Do not use conditionals!!!

It seems crazy, right? The spec already contains 3 ifs statements on its own. So it is so logical to write it using ifs or conditional (switch in other languages) statements.

(defn cracklepop [x]
  (let [solution-matrix {0 "CracklePop"
                         3 "Crackle"
                         5 "Pop"
                         6 "Crackle"
                         9 "Crackle"
                         10 "Pop"
                         12 "Crackle"}]
  (println (solution-matrix (mod x 15) x))))

(map cracklepop (range 1 101))

This solution does not use conditionals, but a “rotating matrix”.

What Solution is better?

I don’t know and I have not measured the runtimes of each solution. I just know that if I was asked during a job interview to write without conditionals, maybe I could have blanked for some minutes.
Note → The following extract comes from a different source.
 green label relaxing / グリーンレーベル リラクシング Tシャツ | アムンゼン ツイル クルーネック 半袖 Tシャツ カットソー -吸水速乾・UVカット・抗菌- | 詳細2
This is because I never thought of the problem with that constrait until now. (Also the preasure of the interview would have added up).

But for sure, I still find the first solution more readable for being closer to the domain of the “requirements”.


There are many solutions to a same problem. Deciding on a solution should depend on the contraints defined by the non-functional requirements.

I also still think that solutions should be written as close to as possible to the domain of the problem. This way the code keeps readable.